Exactly as they appear below, repeat the lines from the one with "validator ethereum pectra" through the one with "Architectural view of", and no others.

Record set START

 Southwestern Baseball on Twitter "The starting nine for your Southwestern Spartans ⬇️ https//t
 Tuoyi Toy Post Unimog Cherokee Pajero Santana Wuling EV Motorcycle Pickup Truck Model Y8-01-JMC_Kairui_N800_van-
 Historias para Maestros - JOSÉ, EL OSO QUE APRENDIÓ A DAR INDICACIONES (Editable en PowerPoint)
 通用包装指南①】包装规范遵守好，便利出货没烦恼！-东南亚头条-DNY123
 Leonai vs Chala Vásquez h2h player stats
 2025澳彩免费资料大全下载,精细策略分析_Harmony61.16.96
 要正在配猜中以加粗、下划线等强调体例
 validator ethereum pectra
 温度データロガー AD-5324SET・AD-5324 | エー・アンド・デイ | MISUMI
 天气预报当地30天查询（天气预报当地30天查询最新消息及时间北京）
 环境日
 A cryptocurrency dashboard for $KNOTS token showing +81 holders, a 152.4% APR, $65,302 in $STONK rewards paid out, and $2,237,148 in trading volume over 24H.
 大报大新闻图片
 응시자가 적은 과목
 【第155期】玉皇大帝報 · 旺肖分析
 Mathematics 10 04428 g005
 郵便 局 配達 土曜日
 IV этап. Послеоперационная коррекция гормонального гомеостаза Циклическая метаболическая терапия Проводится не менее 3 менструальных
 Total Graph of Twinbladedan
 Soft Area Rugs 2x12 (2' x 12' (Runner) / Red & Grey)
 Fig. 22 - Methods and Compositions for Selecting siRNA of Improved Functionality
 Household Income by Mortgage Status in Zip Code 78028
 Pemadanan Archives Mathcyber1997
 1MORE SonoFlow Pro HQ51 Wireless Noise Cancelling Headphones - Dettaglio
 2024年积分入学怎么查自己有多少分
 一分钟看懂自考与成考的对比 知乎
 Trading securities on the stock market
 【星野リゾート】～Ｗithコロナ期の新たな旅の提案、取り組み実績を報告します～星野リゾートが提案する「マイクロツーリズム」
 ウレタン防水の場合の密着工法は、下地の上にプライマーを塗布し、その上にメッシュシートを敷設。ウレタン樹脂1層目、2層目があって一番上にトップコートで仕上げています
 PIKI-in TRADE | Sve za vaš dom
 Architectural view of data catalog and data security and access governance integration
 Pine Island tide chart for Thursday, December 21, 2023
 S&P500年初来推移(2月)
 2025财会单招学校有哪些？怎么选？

Record set END

Task answer:
 validator ethereum pectra
 温度データロガー AD-5324SET・AD-5324 | エー・アンド・デイ | MISUMI
 天气预报当地30天查询（天气预报当地30天查询最新消息及时间北京）
 环境日
 A cryptocurrency dashboard for $KNOTS token showing +81 holders, a 152.4% APR, $65,302 in $STONK rewards paid out, and $2,237,148 in trading volume over 24H.
 大报大新闻图片
 응시자가 적은 과목
 【第155期】玉皇大帝報 · 旺肖分析
 Mathematics 10 04428 g005
 郵便 局 配達 土曜日
 IV этап. Послеоперационная коррекция гормонального гомеостаза Циклическая метаболическая терапия Проводится не менее 3 менструальных
 Total Graph of Twinbladedan
 Soft Area Rugs 2x12 (2' x 12' (Runner) / Red & Grey)
 Fig. 22 - Methods and Compositions for Selecting siRNA of Improved Functionality
 Household Income by Mortgage Status in Zip Code 78028
 Pemadanan Archives Mathcyber1997
 1MORE SonoFlow Pro HQ51 Wireless Noise Cancelling Headphones - Dettaglio
 2024年积分入学怎么查自己有多少分
 一分钟看懂自考与成考的对比 知乎
 Trading securities on the stock market
 【星野リゾート】～Ｗithコロナ期の新たな旅の提案、取り組み実績を報告します～星野リゾートが提案する「マイクロツーリズム」
 ウレタン防水の場合の密着工法は、下地の上にプライマーを塗布し、その上にメッシュシートを敷設。ウレタン樹脂1層目、2層目があって一番上にトップコートで仕上げています
 PIKI-in TRADE | Sve za vaš dom
 Architectural view of data catalog and data security and access governance integration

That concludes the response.